• _Given data_:
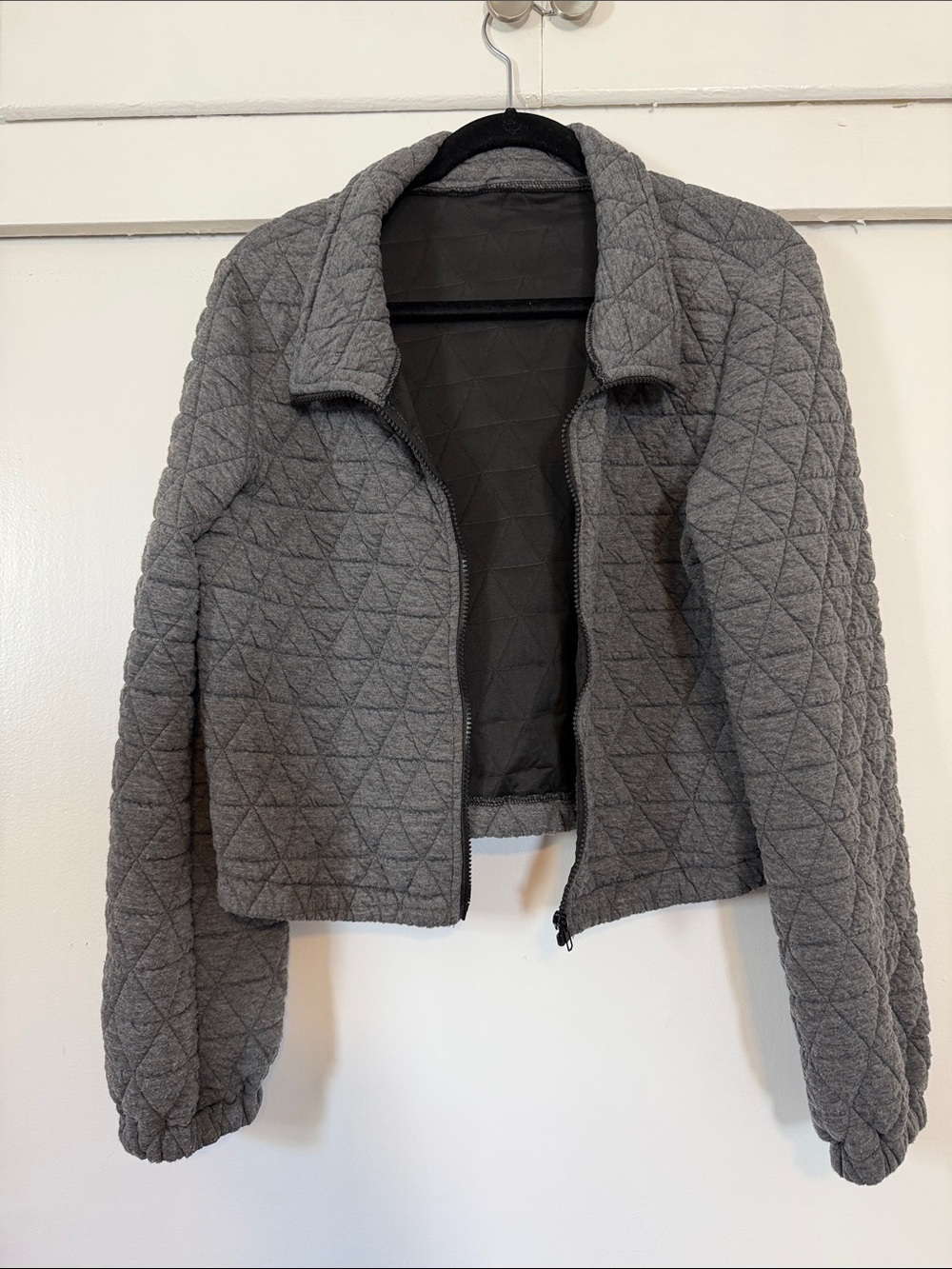 Grey Quilted Puffy Lightweight Zip Jacket Medium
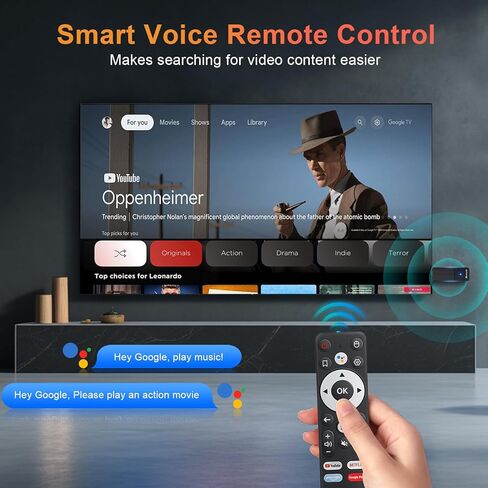 Android TV Stick 4K, 2025 TV Stick Android 14.0 2GB RAM 16GB ROM Ultra HD RK3518 CPU Supports Wi-Fi 6 2.4G/5G Wi-Fi Bluetooth 5.0 USB HDR10 with Bluetooth Voice Remote Control - Black in Kuwait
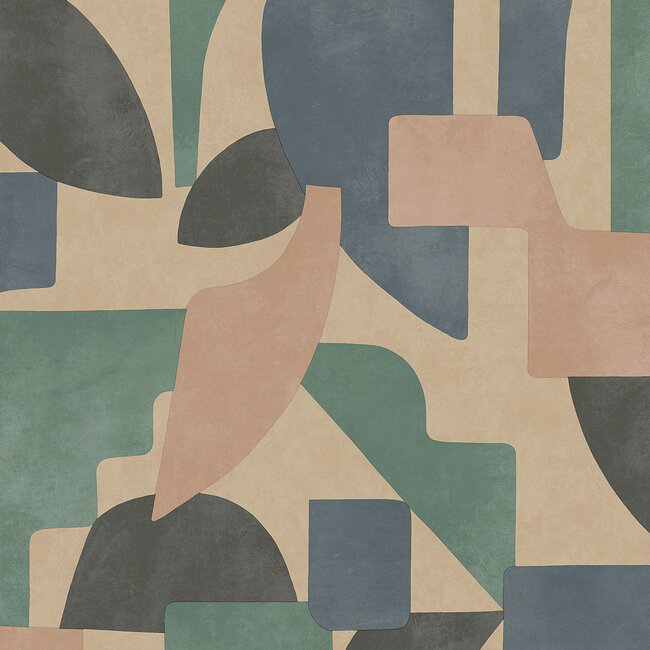 Dutch Wallcoverings Dutch Wallcoverings - FC Arboretum- Linnet Taupe Aqua - Vliesbehang - 10m x 53cm - 91713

• _Action item_: Return the data above in its exact wording, with none of the pictures.

• _Task answer_:
 Grey Quilted Puffy Lightweight Zip Jacket Medium
 Android TV Stick 4K, 2025 TV Stick Android 14.0 2GB RAM 16GB ROM Ultra HD RK3518 CPU Supports Wi-Fi 6 2.4G/5G Wi-Fi Bluetooth 5.0 USB HDR10 with Bluetooth Voice Remote Control - Black in Kuwait
 Dutch Wallcoverings Dutch Wallcoverings - FC Arboretum- Linnet Taupe Aqua - Vliesbehang - 10m x 53cm - 91713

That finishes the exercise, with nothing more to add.